Business Ownership
Understanding Types of Business Ownership
- A business is any activity that provides goods or services to consumers for the purpose of generating profit.
- The term business ownership refers to the type of structure a business is legally established as, which can influence how profits are distributed, how decisions are made, and several other aspects.
- There are several types of business ownership including: sole traders, partnerships, limited companies and franchises.
Sole Traders
- A sole trader is a type of business ownership where a single individual owns and runs the business.
- This individual has unlimited liability, meaning they are personally responsible for any business debts.
- Sole traders usually have full control of the business and keep all of the profits after tax.
Partnerships
- A partnership involves two or more individuals jointly running a business for profit.
- Partners share both the profits and the liability for any business debts.
- There’s a need for trust and good communication as each partner can be held responsible for the actions of the others.
Limited Companies
- A limited company is owned by shareholders and run by directors.
- There are two types – private limited companies (Ltd) and public limited companies (plc).
- Shareholders have limited liability, their personal assets are protected, they’re only responsible for the initial investment in the business.
- Such businesses often have access to greater financial resources, but regulation and compliance can be complex and demanding.
Franchises
- A franchise allows an individual to start their own business using the name, logo and operating methods of an already established company.
- Franchisees pay fees or a percentage of their profits to the franchisor, but in return receive support, advertising, and often training.

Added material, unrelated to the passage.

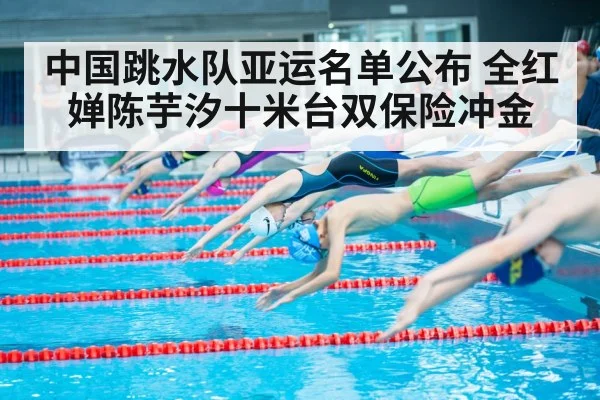 中国跳水队亚运名单公布 全红婵陈芋汐十米台双保险冲金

- This model has the advantage of operating under a recognised brand, but there’s less freedom in decision making than other forms of ownership.
Changes in Business Ownership
- Over time, businesses may change ownership for various reasons such as growth, investment needs, or for the purpose of risk spreading.
- For instance, a sole trader might choose to become a partnership or a limited company to increase resources or limit liability.
- It’s essential to understand the implications of each business type and seek advice before making significant changes to the structure.
Implications of Business Ownership
- Each type of business ownership has different legal and financial implications.
- The decisions made, the profits obtained, and the risks assumed vary greatly with each structure.
- It’s crucial for business owners to be aware of these factors when starting and running a business.